Brand New - Millstone
This song was not released this year, so its cheating in some respects. I bought a Brand New album, called Daisy, many years ago and it has since languished on a shelf. This year I stumbled across its predecessor, called The God And Devil Are Raging Inside Me - which is a great title that sums ups a whole load of angst ably turned into musical form. That whole album is so bloody good that it made me re-listen and appreciate the CD I already had. And it got me very excited when I read that they had a new album being released in 2017, called Science Fiction. Many said that is was a return to previous heights. While I agree that it is really enjoyable album, I ended up selecting my favourite track off of the God and Devil CD, as it was this year's real revelation.
BARRY
In 2017, I mostly dug through my collection rather than seek out
new things.
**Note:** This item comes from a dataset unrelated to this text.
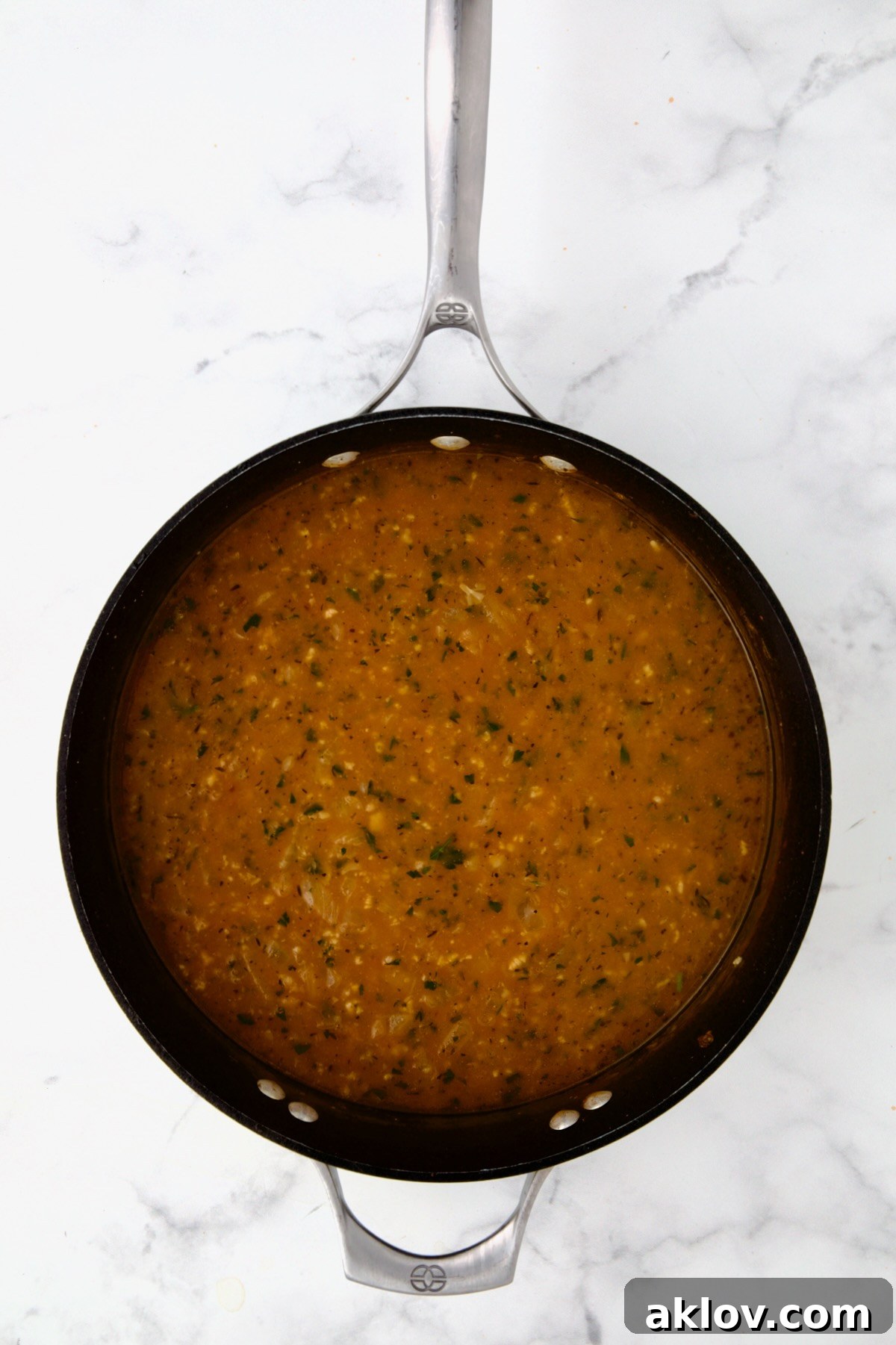 Golden Turkey Meatballs with Ale Glaze 16 Broth and herbs added to beer, onion and tomato paste in nonstick skillet.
Sad, perhaps, but good fun. I really piled on the live King
Crimson, especially from the Eighties and Nineties, courtesy of www.dgmlive.com and their massive archive and generous whole-tour discounts.
But
I also found a really fun jazz band called Slivovitz. Seven Italian
jazz cats who named their band after a plum brandy. A real gumbo of
styles in every song - straight jazz, gypsy, funk, prog. And on this
track, there's even a break of metal near the end, which always
surprises me despite having heard the song a dozen times. If you
appreciate the great FZ Roxy band from 1973, dig odd metres, or enjoy a
bit of lyric-free musical humour... then you'll like these guys.
Also,
my fave modern (and retro) psychedelic band was on fire last year,
dropping a total of FIVE releases in 2017. King Gizzard and the Lizard
Wizard, from Oz. One release was seriously 60's retro, coulda been the
soundtrack for the earliest Bond films. Another was a science fiction
narrative with hard rock fills. This release was more experimental -
there's a wider variety of song types and sonics. The unifying theme was
using quarter tones throughout, thanks to extra frets on two guitars.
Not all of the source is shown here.